There's photos somewhere of us: Me, Rowy, Adam and his girlfriend or wife at the time in a hotel in Parramatta with us just exhausted after day one of a two day big day out run, lying on a bed and there's just cash everywhere. It looked like full, like we were full… man I don’t know. Full drug dealer scene. Like it was insane. From T-shirts?

How many shirts do you reckon you sold that day? Hundreds. Thousands. Well, I don’t know we were taking boxes and boxes of these things. How much were you selling them for? 20 bucks. 25 bucks. Well, I can tell you, I think in one day we did like 12 and a half grand in a day. And then we did similar the next day. So like 25k in 20 buck notes and they were transfers.

We were doing hats, we were doing it all ourselves. It was all made by us, but it was made to decent quality. I don't think any of them would have survived to now. We even had felt like Mr. Mr. High was fuzzy so you could touch him. If you were on your pingas. You could go up to someone and go ahh. I think we had a shirt that just had an E on it.

So you were at the right place selling the right shit. It was understanding what these kids were into, the drugs they were taking, the lifestyle they were living, everything about it. It was so easy to tap into for me because I was involved in that earlier. So it was just timing and I just we just nailed it. So we had all this money and then we were like, We can sell all this shit online.

And we started an eBay account and we realized that the more stuff you put on eBay, the more you could sell. The big guys weren't doing that yet, so we just started listing all our product, our vans and DCs and everything. We were putting it all on these eBay sites, which started out as a comical t shirt thing that ended up being this massive platform for us to sell on.

So we're turning over way more than we'd ever turned over and we needed more space. So we ended up by the time you walked into the store in Brookvale in 2010, we needed, we had a back up warehouse. I don't know. Was that the big warehouse? It wasn’t Cross street yet. We had that little small warehouse on Dale Street, I think, and yeah, we needed space and we were running, we were doing ten times more online than we were doing in store. So we were one of the early eBay sellers. And to be honest, most of the investment that went into this business happened through that period. Like we were killing it. We were absolutely killing it and we were buying shipping containers full of vans, authentics and the penny boards and all that shit.

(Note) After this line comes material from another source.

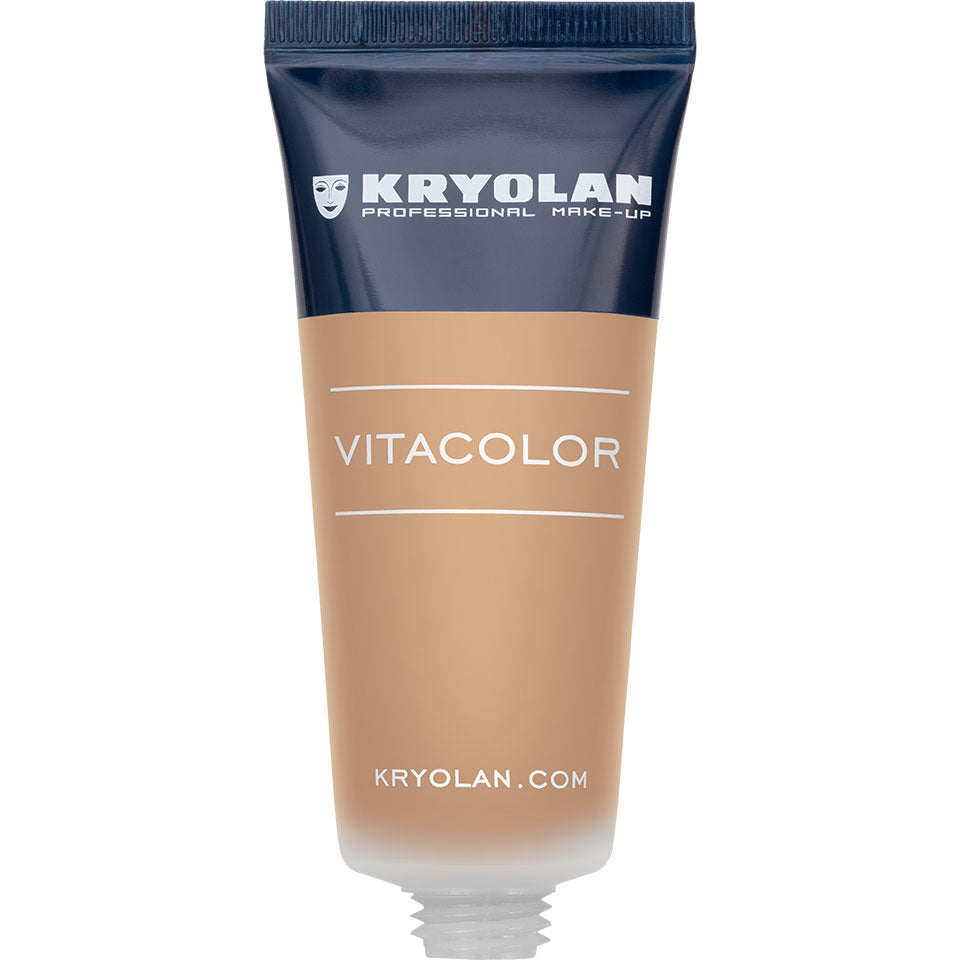 Kryolan Professional 1021 Vitacolor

That period of like skateboarding went wild. It was pop culture gone mad started with us. Yeah. I think, a couple years after I started you moved warehouse to Cross street. Yeah right, so that was on the back of the DC deal. We can talk about that another day. We’ll get one of the old DC guys to talk about what happened there. So when I started working we still had to Every time we made a sale, we had to go to the other computer and delist it from eBay.

Yeah. Yeah, it was bad. There was no the systems didn't line up. There's one computer, which was the till, and then the other computer, which was the Ebay computer. So this is where you come in, right? Yes.